El blanco que boga en la página es tanto o más importante que su oscura contraparte. Y en ese espacio vacío hay siempre algo de externo, de inalcanzable, dicho de otra forma, algo del origen. Es el soporte que ejerce la parte romántica de la escritura, ya papel o pantalla, ya muro o arena, el soporte involucra una autoridad de la materia sobre nuestras obras, porque el acto de escribir es un acto de eterna reinauguración en el que uno viene y va para transformar o para añadir algo a lo que ya estaba, y aquí no hay dilema fundamental.

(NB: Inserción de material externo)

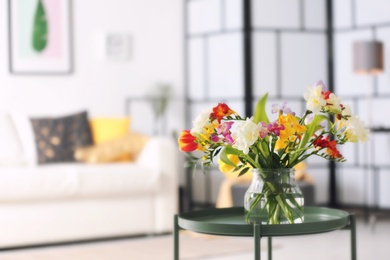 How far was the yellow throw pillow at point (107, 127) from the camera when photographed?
19.2ft

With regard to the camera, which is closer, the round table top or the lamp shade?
the round table top

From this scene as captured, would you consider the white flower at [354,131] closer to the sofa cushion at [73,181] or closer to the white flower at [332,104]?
the white flower at [332,104]

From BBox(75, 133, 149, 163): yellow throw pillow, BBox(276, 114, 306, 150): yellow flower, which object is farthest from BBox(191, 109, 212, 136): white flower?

El hecho es contundente: el papel antecede al lápiz: el soporte es primero que la idea, es su basamento. A las líneas sueltas en las páginas se les llama viudas o huérfanas. El papel, en cambio, no enviuda ni entraña orfandad. Así, es imposible que esos blancos evidentes entre las líneas no evoquen la poética inherente a la cimentación. De alguna manera, la escritura no puede olvidar esto.

Bajo tal enfoque inferimos que lo más humano al respecto es el significante lápiz y que lo más natural es la significativa materia que, entre otras cosas, alberga la danza de lo que escribe. Valerio Magrelli expresa: “Ser lápiz es secreta ambición. / Arder sobre el papel lentamente / y en el papel quedarse en otra nueva forma sugerido. / Hacerse así de carne signo, de instrumento fina osamenta del pensar”. Es ésta otra perspectiva del concepto de naturaleza. Los animales no escriben no porque carezcan de raciocinio, sino porque se hallan integrados a su entorno; eso es: a diferencia de nosotros, los animales se hallan, y la escritura, más que ser producto del mero hecho de pensar, denota algo distinto: la falta de adhesión del hombre a la naturaleza. La literatura, comentaba el poeta antiguo Han Yu: “se debe a la ruptura de nuestro equilibrio”. Así, la naturaleza: las plantas y los animales, dicho literalmente, nos corrigen; nos señalan constantemente el hipotético camino de nuestro género, nos invitan a hallarnos. El blanco es entonces una consideración del mundo en calidad de ese hogar del que no somos dueños sino huéspedes. Uno escribe para ser huésped en el papel. El papel, como el cosmos, es bello siempre: es base y superficie. La naturaleza es bella pero no nos necesita; y ante la lógica de esta verdad escribimos adrede un argumento contrario, una premisa que sustente nuestro sentido, sumándonos al mundo con eso que somos de resta. Por eso todo lenguaje es alimentario. Sin él morimos, no como animales, y sí como humanos. Está más que probado que un bebé biológicamente saludable se deprime o perece si nadie le habla. Tanto así somos palabra. El más auténtico romance es ser así de la naturaleza.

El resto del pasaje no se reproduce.